Bond Billionaire Backs Buffett
One of the most respected investors in the world of bonds is going on record supporting higher taxes for the nation's super-wealthy, echoing Warren Buffett's controversial call to 'Tax the Rich.'
Like Buffett, Bill Gross is a billionaire, although his estimated $1.2 billion isn't quite in the same league as Buffett's $52 billion. (Gross is #799 on the latest Forbes list of billionaires. Buffett is #2 behind Bill Gates.) Still, a billion dollars is a billion dollars and you can certainly include Gross among the ranks of the rich.
Gross is Pimco's chief investment officer and founder of Pimco, a firm that describes itself as "one of the largest specialty fixed income managers in the world, with more than $687 billion in assets under management." His pronouncements on financial matters can generate headlines and even move markets. (Earlier today, he made news on CNBC's Street Signs when he told Erin Burnett that stocks could feel the fallout from a "dramatic earthquake" in the high-yield corporate bond market.)

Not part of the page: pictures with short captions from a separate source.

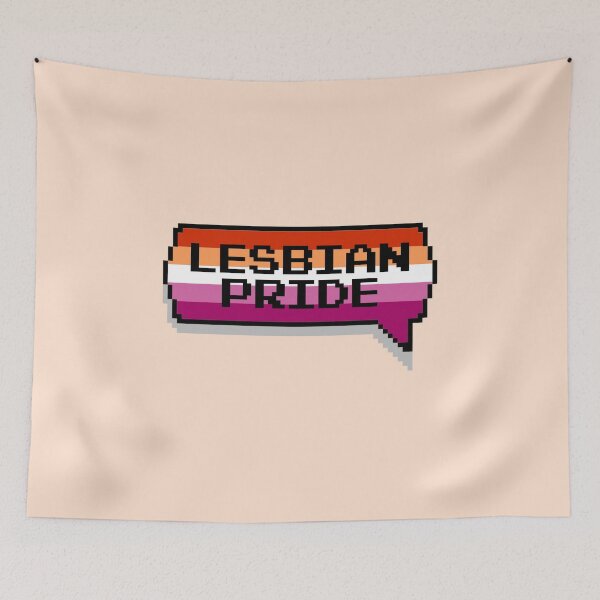 Item preview, Lesbian Pride Pixelated Chat Box designed and sold by everything4eva.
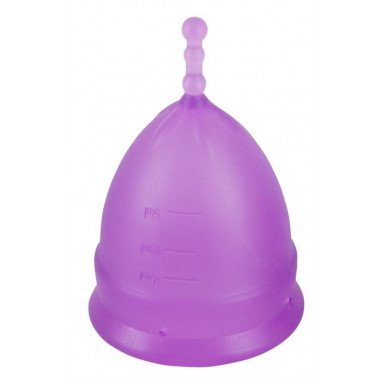 Фиолетовая менструальная чаша Menstrual Cup Large, фото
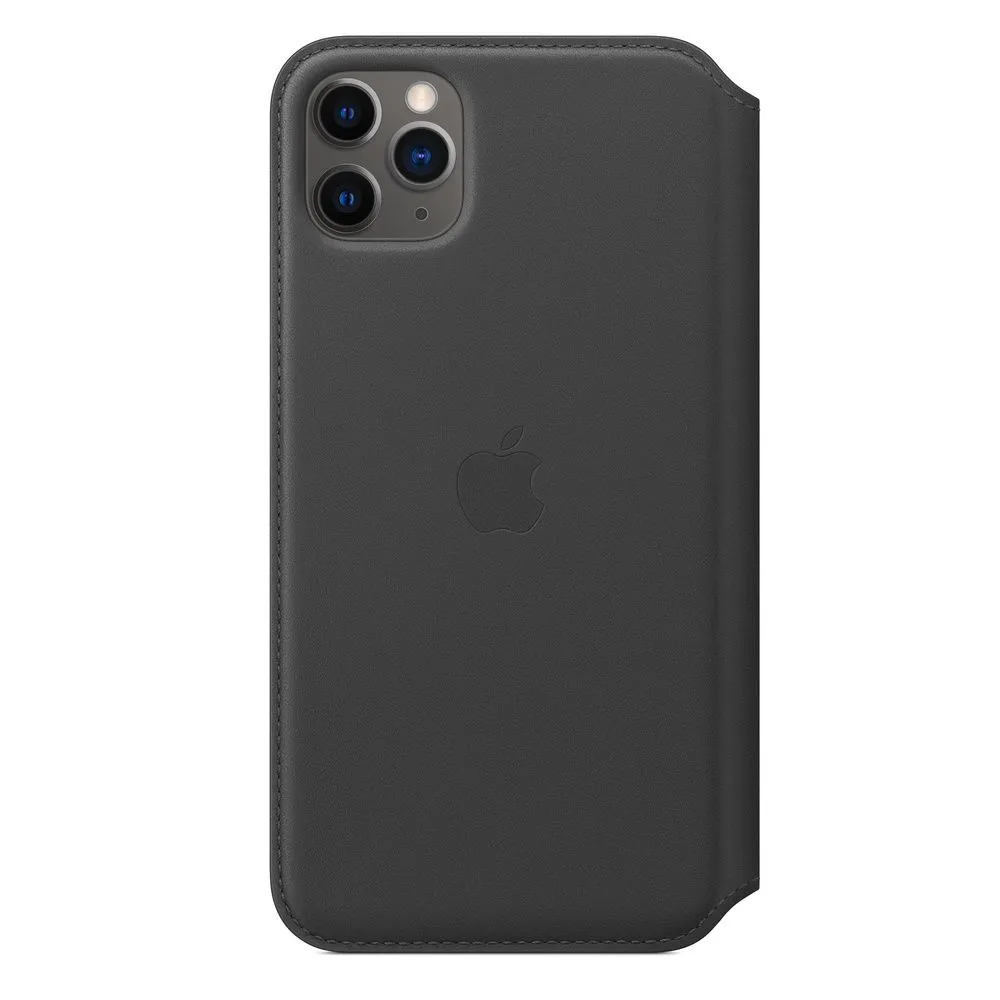Apple iphone 11 pro max leather folio - black mx082zm/a Apple - 1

In his August market letter, headlined "Enough Is Enough", Gross comes out strongly in favor of raising taxes on the super-rich to "rectify today’s imbalances." He warns:
"When the fruits of society’s labor become maldistributed, when the rich get richer and the middle and lower classes struggle to keep their heads above water as is clearly the case today, then the system ultimately breaks down; boats do not rise equally with the tide; the center cannot hold."
Gross explicitly puts himself on Warren Buffett's side of the Great Tax Debate, endorsing this quote from Mr. Buffett: "Society should place an initial emphasis on abundance but then should continuously strive to redistribute the abundance more equitably."
Gross rejects as "farce" and "pretense" the arguments that "private equity and hedge fund managers (won't) be properly incented if Congress moves to raise their taxes up to levels paid by the majority of America’s middle class."
He is especially tough on what he calls the "cloying self-justification" of the very wealthy when they cite their philanthropic generosity, "suggesting that they can more efficiently redistribute wealth than can the society that provided the basis for their riches in the first place."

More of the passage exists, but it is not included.